__Problem to work on__. With the pictures left out, write out exactly the lines of the listing below that run from the line with "Healthy Bulgur Salad" through the line with "Model walking a".

__Supplied data__.

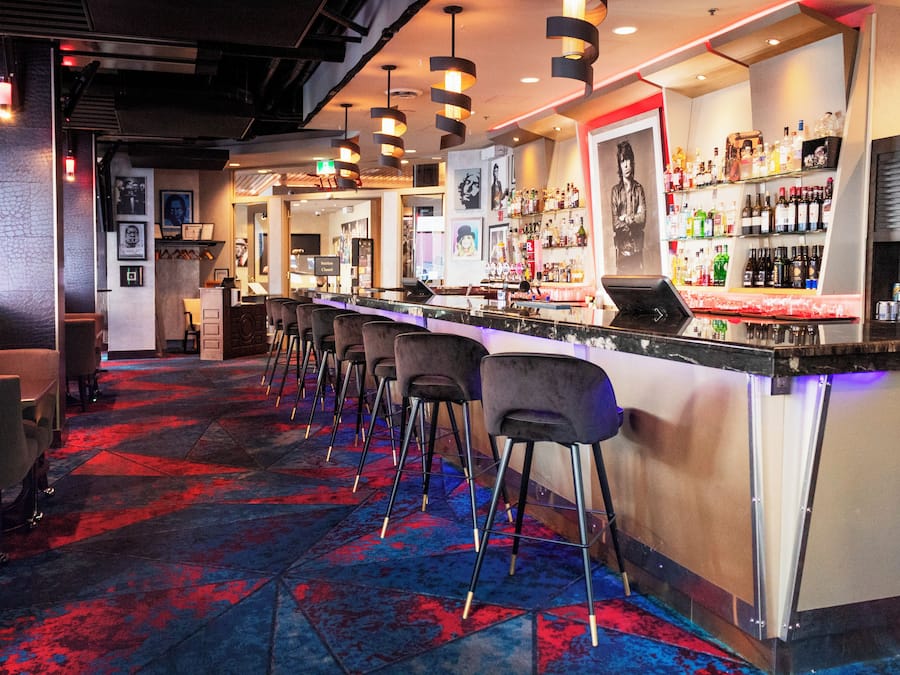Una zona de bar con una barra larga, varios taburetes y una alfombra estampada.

...

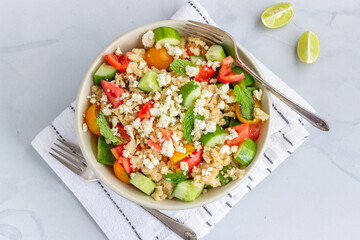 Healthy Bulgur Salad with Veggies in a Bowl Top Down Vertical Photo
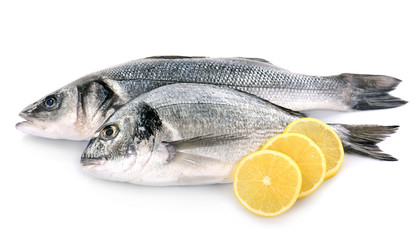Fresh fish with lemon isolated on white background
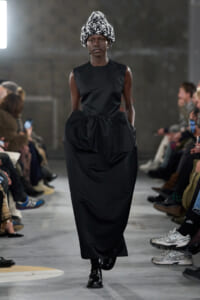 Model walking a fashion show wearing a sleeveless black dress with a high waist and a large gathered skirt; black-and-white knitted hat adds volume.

...

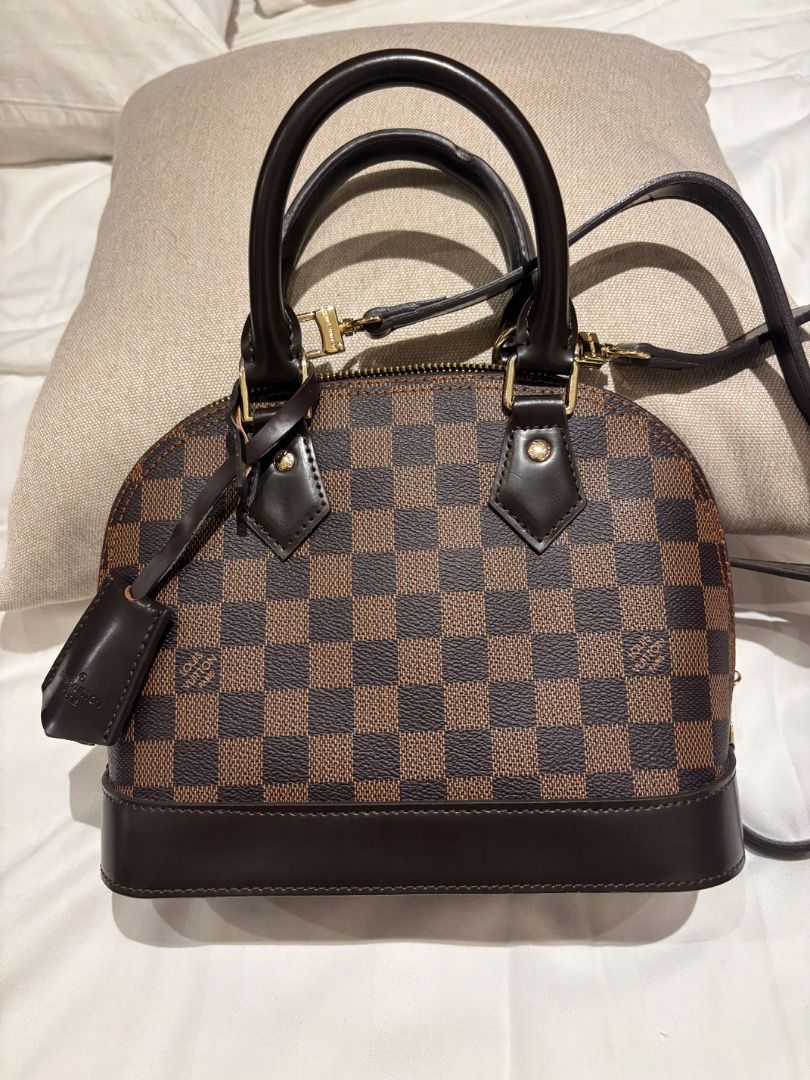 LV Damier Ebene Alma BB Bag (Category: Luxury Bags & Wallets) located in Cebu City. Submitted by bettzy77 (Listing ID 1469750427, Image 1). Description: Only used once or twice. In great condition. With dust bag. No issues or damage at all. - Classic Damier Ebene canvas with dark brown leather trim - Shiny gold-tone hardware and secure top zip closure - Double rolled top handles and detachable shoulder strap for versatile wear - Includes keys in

__Task answer__.
 Healthy Bulgur Salad with Veggies in a Bowl Top Down Vertical Photo
Fresh fish with lemon isolated on white background
 Model walking a fashion show wearing a sleeveless black dress with a high waist and a large gathered skirt; black-and-white knitted hat adds volume.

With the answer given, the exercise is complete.